§ What you are asked to do
Below are records with pictures. Transcribe exactly, and only, the lines from the line with "Girl on orange" to the line with "37 Halsey Road", both ends included, but not the pictures.

§ Information
== Segment start ==

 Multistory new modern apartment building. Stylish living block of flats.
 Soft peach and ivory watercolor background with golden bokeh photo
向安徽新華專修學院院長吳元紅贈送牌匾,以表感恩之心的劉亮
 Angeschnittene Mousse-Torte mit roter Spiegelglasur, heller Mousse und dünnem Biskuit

== Segment end ==
== Segment start ==

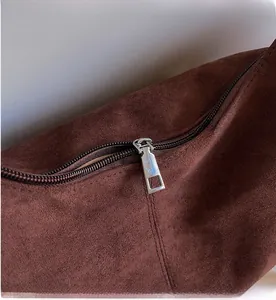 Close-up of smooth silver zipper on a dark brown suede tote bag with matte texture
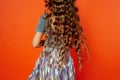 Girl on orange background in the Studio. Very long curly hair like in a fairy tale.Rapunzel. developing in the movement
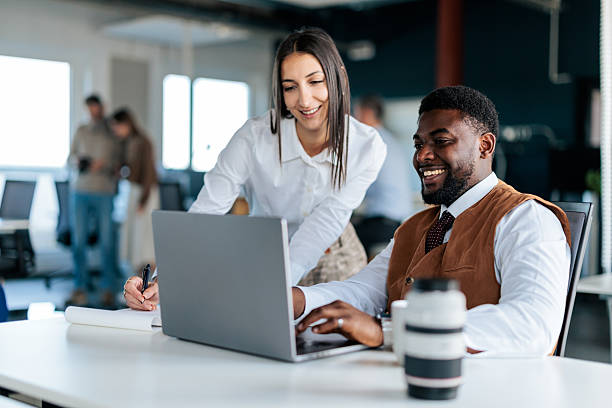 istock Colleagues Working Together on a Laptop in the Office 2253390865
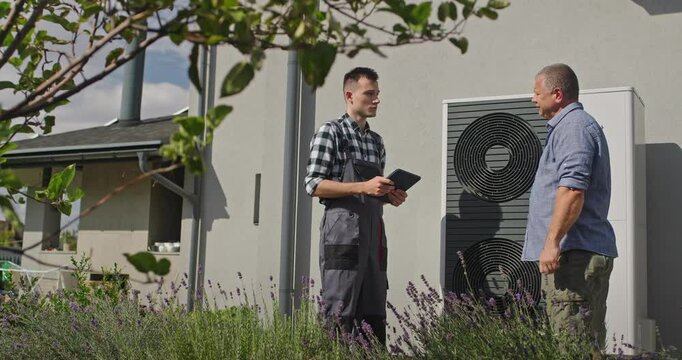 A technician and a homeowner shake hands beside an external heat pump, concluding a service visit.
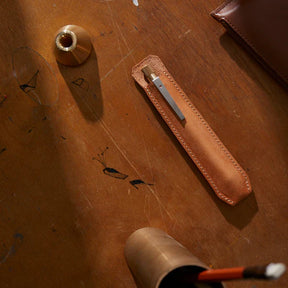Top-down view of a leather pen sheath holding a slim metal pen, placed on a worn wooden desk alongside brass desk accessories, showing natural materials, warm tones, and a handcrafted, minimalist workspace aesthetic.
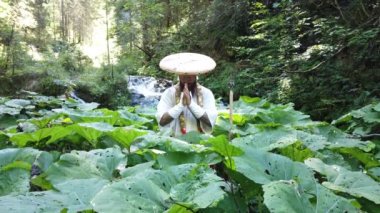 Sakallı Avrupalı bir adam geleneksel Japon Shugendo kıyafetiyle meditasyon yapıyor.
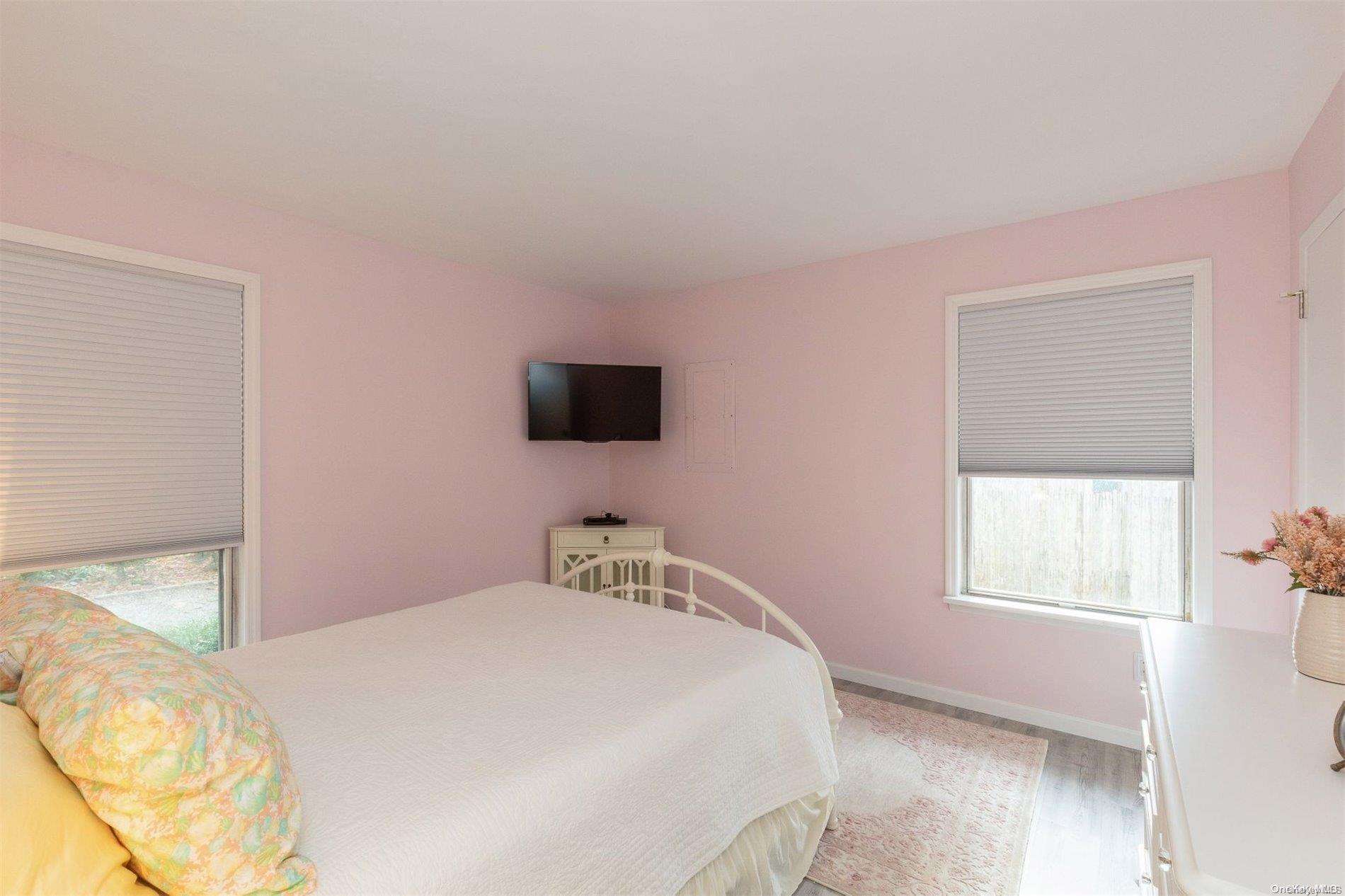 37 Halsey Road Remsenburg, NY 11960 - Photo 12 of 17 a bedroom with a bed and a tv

== Segment end ==
== Segment start ==

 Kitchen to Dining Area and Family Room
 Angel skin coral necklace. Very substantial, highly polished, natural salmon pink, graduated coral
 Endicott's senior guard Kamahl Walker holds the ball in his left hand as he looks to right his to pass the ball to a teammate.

== Segment end ==

§ Response area
 Girl on orange background in the Studio. Very long curly hair like in a fairy tale.Rapunzel. developing in the movement
 istock Colleagues Working Together on a Laptop in the Office 2253390865
 A technician and a homeowner shake hands beside an external heat pump, concluding a service visit.
Top-down view of a leather pen sheath holding a slim metal pen, placed on a worn wooden desk alongside brass desk accessories, showing natural materials, warm tones, and a handcrafted, minimalist workspace aesthetic.
 Sakallı Avrupalı bir adam geleneksel Japon Shugendo kıyafetiyle meditasyon yapıyor.
 37 Halsey Road Remsenburg, NY 11960 - Photo 12 of 17 a bedroom with a bed and a tv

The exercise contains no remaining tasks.